The gendarme glared.
“Look,” he said. “I want to know what you’re doing here.”
“I’m investigating. On my personal initiative.”
“Initiative my ass.”
“Listen, Monsieur, I have every reason to believe that this fire is connected with a case that we are investigating. Now, you can always refuse to talk, but I’ll mention that fact in my official report. What do you say to that, Capitaine?”
“Piss off,” the gendarme replied, and turned on his heels.
“He’s had a hard day,” the fireman said. “He’s got his knickers in a twist.”
The capitaine slammed the door of his 406.
“As I just told you, this was definitely arson. A classic technique: an insecticide spiral, a wick on the end, and petrol in a container. You light it then walk away. The spiral burns down, and the fire starts several hours later.”
“I thought so,” de Palma said. “If you find out anything else, could you give me a ring?”
“No problem,” the fireman answered, taking the card that the Baron handed him.
Ingrid had put her arm through Bérard’s and was walking him up and down the patio of La Balme, like a nurse.
“How is he?” the Baron asked.
“I’ve been expecting you for some time … I think he should be taken to hospital,” she whispered. “He seems to have lost his reason.”
Bérard’s face was still just as listless. He looked as though he was staring into an unknown world, and had lost the spark that kept him so bright.

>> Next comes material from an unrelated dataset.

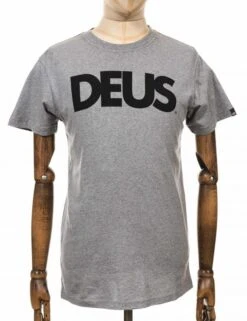 Deus Ex Machina All Caps Tee - Grey Heather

“Can you hear me, M. Bérard?”
The shepherd did not answer.
“I’m the police officer from the other day. Do you remember me?”
“I’m sure that he’s in a state of shock, and should be hospitalized. I called the mayor of Eygalières. He told me that Bérard has no family, and that no one there will have the time to deal with him until tomorrow.”
“And you think it can’t wait till then?”
“Not only think. I’m sure it can’t! And you can’t expect him to go home by himself in that condition.”